Spatial evidence for carcinoma in situ (CIS) as an entity in human papillomavirus (HPV)-associated tonsillar squamous cell carcinoma (TSCC).

Abstract

Human papillomavirus (HPV)-associated tonsillar squamous cell carcinoma (TSCC) is suggested to arise in tonsillar crypts. It also constitutes a rare exception in the literature of carcinoma development, as carcinoma in situ (CIS) is not a recognized entity and dysplastic stages are not evident. Here we investigated the evidence of this. Hence, a systematic review and meta-analysis was performed to study tumor origin. MEDLINE was searched and all original studies reporting tumor origin in HPV-associated oropharyngeal cancer were included. We also used spatial transcriptomics (10× Visium) on HPV-associated TSCC, cervical, and HPV-independent oral cancer cases. We compared tonsillar CIS to cervical high-grade intraepithelial lesion (HSIL). We studied epithelial cell gene expression across the sample types and epithelial cellular states. A trajectory analysis was performed in HPV-associated tumors. In total, 14% of all TSCC were of surface origin in the systematic review.
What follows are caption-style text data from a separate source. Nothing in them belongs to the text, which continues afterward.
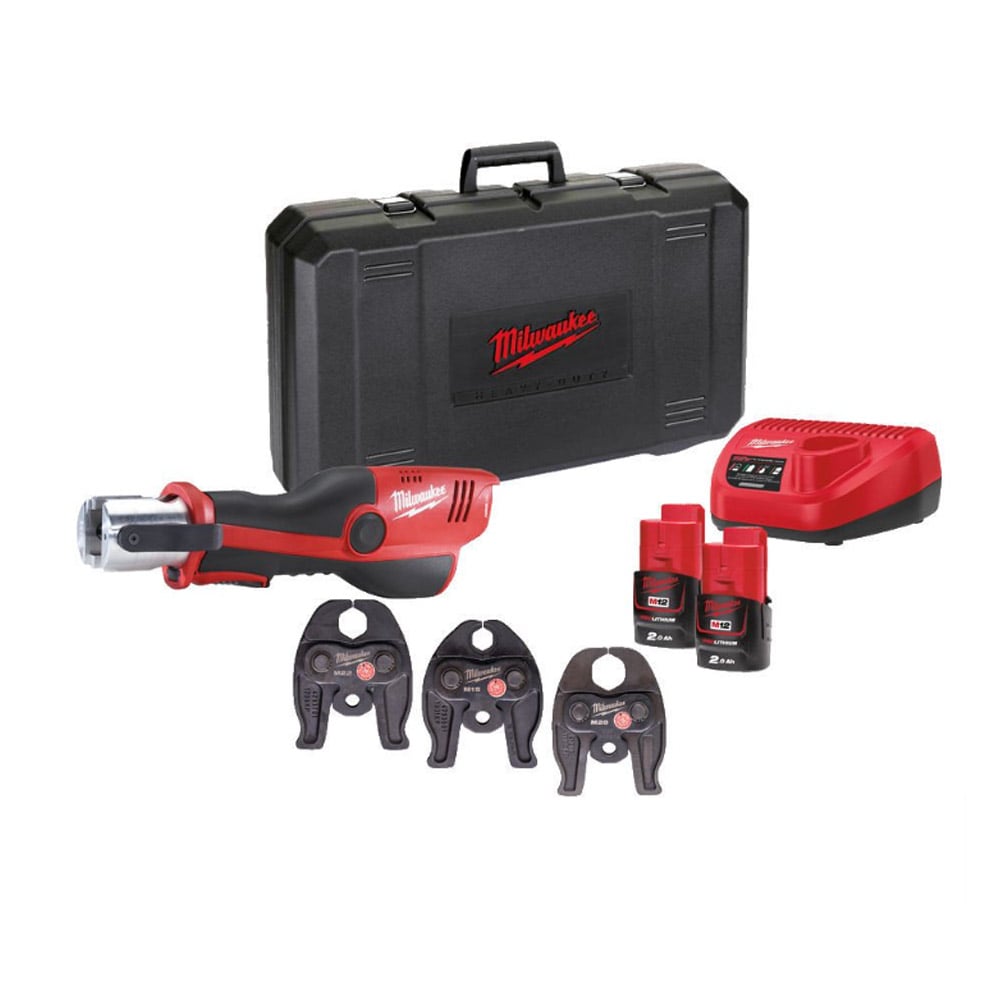 Milwaukee M12HPT - 202C M12 SUB COMPACT FORCE LOGIC™ Hydraulic Press Tool (TH Set) - M12HPT-202C-TH - Milwaukee Tools UK - Trade Counter Direct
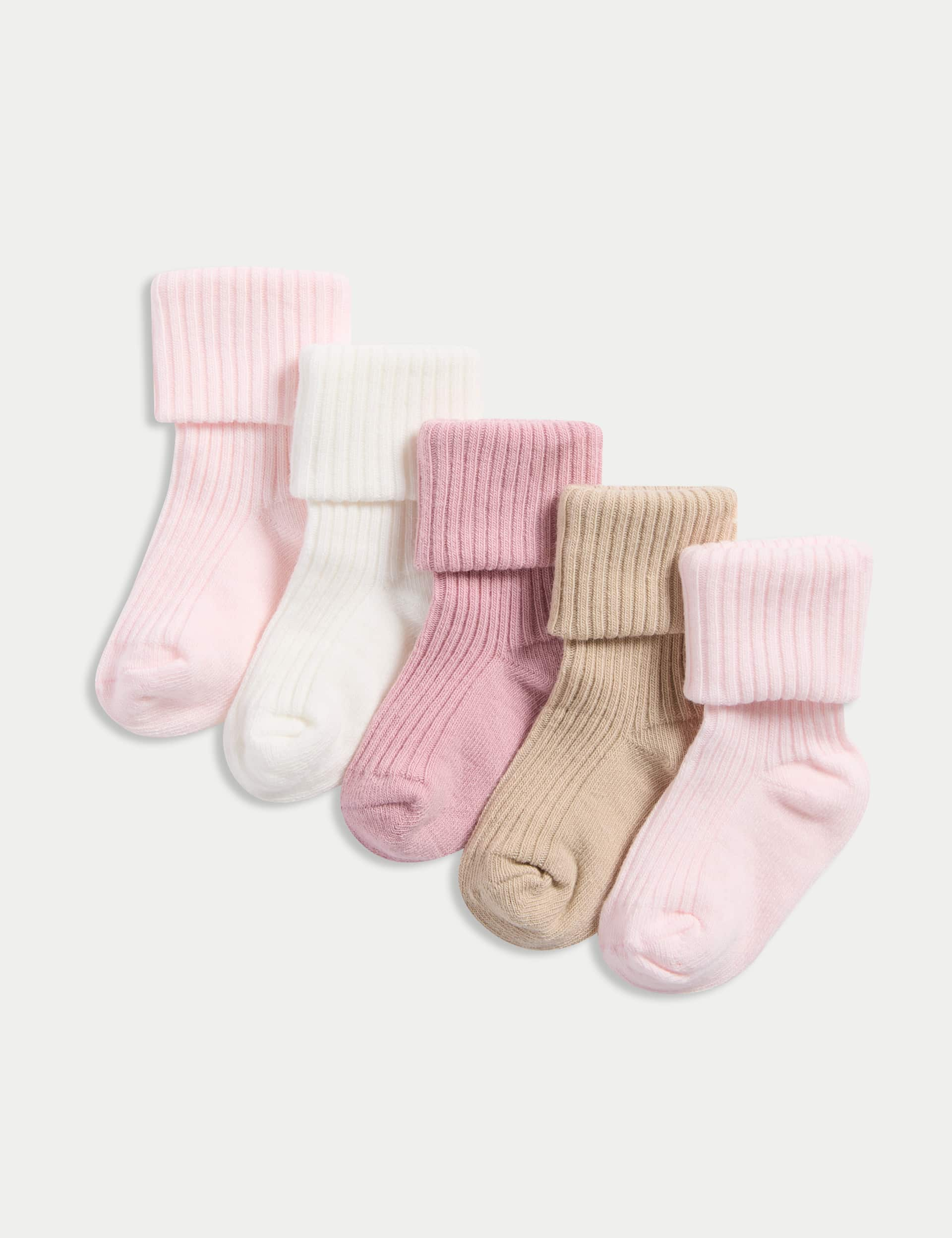 M&S Collection 5pk Cotton Rich Baby Socks (0-3 Yrs) - 12-24 - Multi, Multi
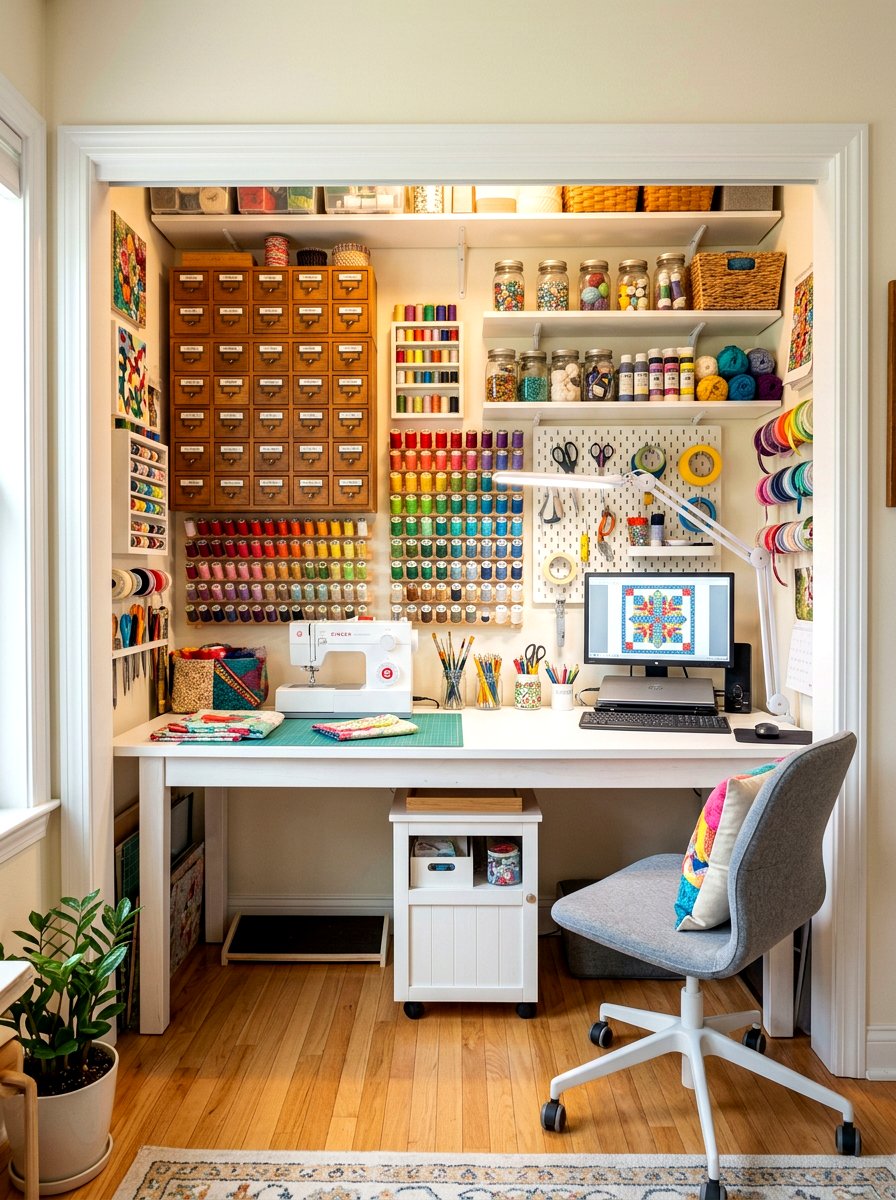 Craft room closet office - 30 desk in closet ideas aesthetic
Spatial transcriptomics revealed that tonsillar CIS and HSIL clustered with a high correlation when using a pseudo-bulk approach. Moreover, when all epithelial cells were analyzed unsupervised, ten epithelial cell clusters that correlated to histology were identified. Two of these clusters were dysplastic and occurred in all samples. A sequential progression from dysplasia to invasion was observed in both TSCC and cervical cancer in the trajectory analysis. We conclude that a subset of HPV-associated TSCC may arise from the surface and that there is a sequential progression toward invasive disease in HPV-associated TSCC, similar to that of cervical cancer. The findings suggest that pure tonsillar dysplastic lesions should hypothetically exist.